(Available data Opens)

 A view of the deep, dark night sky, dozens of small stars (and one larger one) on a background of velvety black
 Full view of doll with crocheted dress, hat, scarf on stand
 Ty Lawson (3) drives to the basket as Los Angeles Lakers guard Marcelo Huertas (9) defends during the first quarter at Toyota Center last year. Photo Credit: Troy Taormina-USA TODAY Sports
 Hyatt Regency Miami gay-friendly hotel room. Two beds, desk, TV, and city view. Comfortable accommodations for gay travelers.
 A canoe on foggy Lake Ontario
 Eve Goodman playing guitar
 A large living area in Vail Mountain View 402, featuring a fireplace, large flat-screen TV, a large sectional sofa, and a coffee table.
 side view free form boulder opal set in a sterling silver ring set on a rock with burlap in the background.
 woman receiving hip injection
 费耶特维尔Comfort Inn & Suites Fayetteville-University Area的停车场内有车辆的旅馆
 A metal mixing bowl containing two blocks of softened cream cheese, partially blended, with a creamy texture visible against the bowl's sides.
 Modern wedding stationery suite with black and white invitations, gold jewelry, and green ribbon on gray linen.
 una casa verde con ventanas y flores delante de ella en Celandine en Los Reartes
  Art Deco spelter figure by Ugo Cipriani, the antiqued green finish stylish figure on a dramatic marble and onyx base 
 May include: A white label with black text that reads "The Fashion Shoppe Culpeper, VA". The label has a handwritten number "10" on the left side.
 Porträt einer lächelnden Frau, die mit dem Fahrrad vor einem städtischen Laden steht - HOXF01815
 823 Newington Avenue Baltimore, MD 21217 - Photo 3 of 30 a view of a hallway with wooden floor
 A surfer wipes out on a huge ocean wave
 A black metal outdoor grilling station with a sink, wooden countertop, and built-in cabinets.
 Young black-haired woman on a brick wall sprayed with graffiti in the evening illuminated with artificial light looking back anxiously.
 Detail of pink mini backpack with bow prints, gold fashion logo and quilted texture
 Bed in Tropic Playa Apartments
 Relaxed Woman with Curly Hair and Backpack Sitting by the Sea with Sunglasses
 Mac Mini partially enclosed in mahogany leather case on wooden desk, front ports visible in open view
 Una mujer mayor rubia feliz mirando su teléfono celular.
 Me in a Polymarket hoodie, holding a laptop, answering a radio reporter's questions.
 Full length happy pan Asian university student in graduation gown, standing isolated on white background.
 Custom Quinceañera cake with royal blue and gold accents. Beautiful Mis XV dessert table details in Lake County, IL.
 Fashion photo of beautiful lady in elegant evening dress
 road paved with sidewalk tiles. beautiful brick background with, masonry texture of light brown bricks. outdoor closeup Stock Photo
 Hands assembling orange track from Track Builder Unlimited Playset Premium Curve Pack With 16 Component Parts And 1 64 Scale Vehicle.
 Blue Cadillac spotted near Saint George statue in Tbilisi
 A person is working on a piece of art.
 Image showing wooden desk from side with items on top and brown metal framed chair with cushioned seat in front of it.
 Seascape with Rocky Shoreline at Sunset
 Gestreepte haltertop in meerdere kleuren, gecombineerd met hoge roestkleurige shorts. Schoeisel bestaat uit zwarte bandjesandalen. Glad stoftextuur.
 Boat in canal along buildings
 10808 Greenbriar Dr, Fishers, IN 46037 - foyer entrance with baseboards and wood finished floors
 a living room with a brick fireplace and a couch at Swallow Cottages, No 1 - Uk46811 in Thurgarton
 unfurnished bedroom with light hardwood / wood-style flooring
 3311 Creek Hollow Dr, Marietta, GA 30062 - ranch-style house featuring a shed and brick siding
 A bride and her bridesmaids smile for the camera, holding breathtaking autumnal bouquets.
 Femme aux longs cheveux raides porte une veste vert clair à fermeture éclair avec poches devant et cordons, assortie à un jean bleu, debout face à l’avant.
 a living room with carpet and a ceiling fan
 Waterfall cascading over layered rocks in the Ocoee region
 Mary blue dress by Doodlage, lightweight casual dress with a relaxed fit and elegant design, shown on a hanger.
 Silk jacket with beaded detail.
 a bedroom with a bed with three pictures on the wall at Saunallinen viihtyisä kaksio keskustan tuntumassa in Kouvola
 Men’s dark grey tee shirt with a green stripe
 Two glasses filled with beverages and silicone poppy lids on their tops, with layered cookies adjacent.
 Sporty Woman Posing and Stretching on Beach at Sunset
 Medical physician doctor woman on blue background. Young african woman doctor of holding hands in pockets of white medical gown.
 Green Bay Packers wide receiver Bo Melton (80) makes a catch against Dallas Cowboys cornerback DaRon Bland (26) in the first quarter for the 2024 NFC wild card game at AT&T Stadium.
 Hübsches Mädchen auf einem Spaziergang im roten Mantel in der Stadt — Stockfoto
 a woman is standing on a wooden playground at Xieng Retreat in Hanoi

(Available data Closes)

# Work task
Whichever lines of the records above hold the word "standing" should all be copied out.

# Response area
 Full length happy pan Asian university student in graduation gown, standing isolated on white background.
 a woman is standing on a wooden playground at Xieng Retreat in Hanoi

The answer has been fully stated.